Les objets chroniqués

Vous êtes ici › Les groupes / artistesDDesiderii Marginis › Seven Sorrows

Desiderii Marginis › Seven Sorrows

  • 2007 • Cold meat industry CMI173 • Lim • 2000 copies • 1 CD digipack
  • 2014 • Aucun 1 Téléchargement Web

cd • 9 titres • 55:58 min

  • 1Constant like the Northern Star07:26
  • 2Why are you fearful?07:25
  • 3My diamond in the rough06:25
  • 4The bitter potion06:48
  • 5Silence will stop our hearts03:14
  • 6Lifeline06:55
  • 7Night pretenders06:34
  • 8I tell the ancient tale05:29
  • 9Untitled05:42

extraits audio

  • Il y a des extraits audio pour ce disque. Vous devez être membre pour les télécharger : devenez membre.

enregistrement

Composé, interprété et enregistré par Johan Levin, Mjölby, Suède, 2006-2007. Masterisé par Johan Levin au Studio Solitude.

line up

Johan Levin (tous instruments)

remarques

CD digipack 3 volets. Photographies de Birthe Klementowski.
Disponibles sous divers formats numériques plus 1 titre bonus

chronique

Styles
ambient
Styles personnels
dark-melancholambient

Avec une régularité bienvenue depuis ces trois dernières années Johan Levin nous livre un nouveau chapitre de son projet Desiderii Marginis. Taxé abusivement à ses débuts il y a déjà dix ans de clone de Raison d’Être (LA référence de la dark-ambient "sacrée" en Europe) pour cause de caractéristiques communes assez marquées (chants grégoriens, cloches et autres attributs gothico-mystiques) le suédois aura pourtant démontré très rapidement une sensibilité propre et une approche différente de celle de son compatriote. Moins introspective et plus axée sur l’évocation et la provocation d’images et de rêves éveillés, la musique de Desiderii Marginis a su évoluer naturellement, développant des structures harmonieuses et hypnotiques entre nappes éthérées, mélodies de plus en plus présentes et séquences de saturation maîtrisée dans un souci de conserver une atmosphère intègre. Depuis "The ever green tree" (2005), les apparitions sporadiques d’arpèges folk révèlent une dimension beaucoup moins hermétique qui sert avec brio la trame ambient et la préserve de la redondance laborieuse. Seven sorrows s’annonce comme une nouvelle étape dans ce domaine, reprenant à son compte l’aspect "contes & légendes" inspiré de The ever green tree et celui plus triste que sombre de "That which is tragic and timeless" (2006) dont la thématique intemporelle s’affichait avec ostentation sur la musique elle-même. Loin d’une volonté de tout écraser par le poids immense et souvent phagocytant d’une alliance basses/distorsion bouche-trous, Seven sorrow s’impose par sa capacité à laisser respirer chaque thème de piano ou de guitare et chaque mélodie pour un résultat d’une extrême mélancolie. Un onirisme délicat s’en dégage qui parfois manque d’être quelque peu gâché par un recours trop systématique aux samples vocaux dont certaines boucles auraient gagnées à être raccourcies. Un défaut très mineur que l’écoute intégrale efface au fur et à mesure tant la teneur immersive de la musique de Desiderii Marginis fait mouche dès lors qu’on s’abandonne à la séduction de ces contes dark-ambient de toute beauté. Moins saisissant que les deux derniers albums mais incontestablement de la belle ouvrage.

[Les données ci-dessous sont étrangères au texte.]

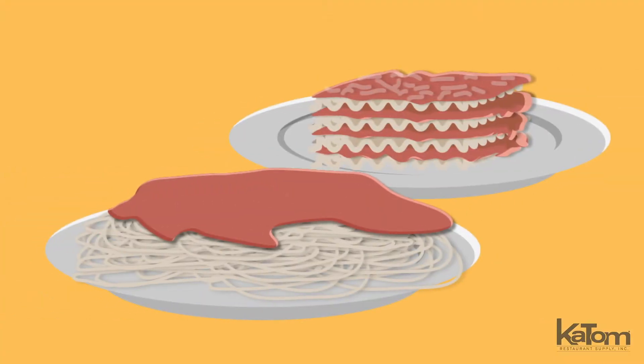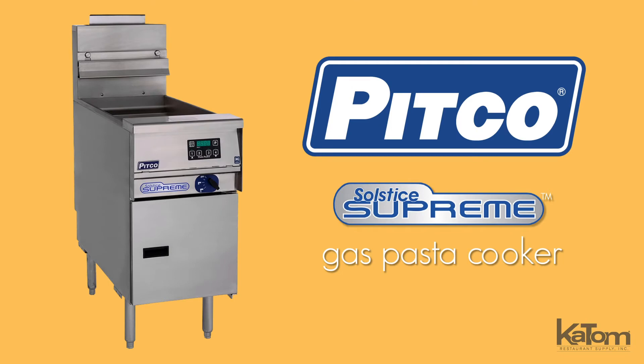Boil 12 gallons of water for use in Italian kitchens and other high-production pasta operations with this Solstice Supreme gas pasta cooker from Pitco.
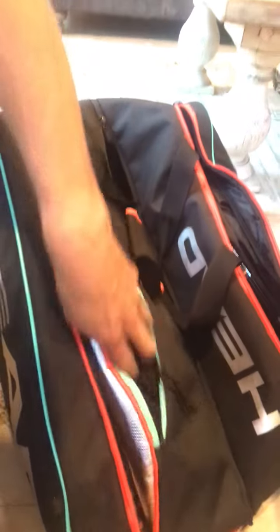I've got my eye guards in here. I've probably got a couple of them in there. And then I've got a little stuff compartment down there.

note       Publiée le lundi 6 août 2007

réseaux sociaux

tags

Vous devez être connecté pour ajouter un tag sur "Seven Sorrows".

notes

Note moyenne        7 votes

Vous devez être membre pour ajouter une note sur "Seven Sorrows".

commentaires

Vous devez être membre pour ajouter un commentaire sur "Seven Sorrows".

FLRLNG › lundi 17 juin 2013 - 22:52  message privé !

"Onirisme délicat" convient très bien au style de desiderii marginis. L'obscurité devient apaisante et nous berce, rien d'angoissant ni de funèbre ici et c'est à mon sens ce qui le différencie largement de Raison d'être ou encore de New risen throne.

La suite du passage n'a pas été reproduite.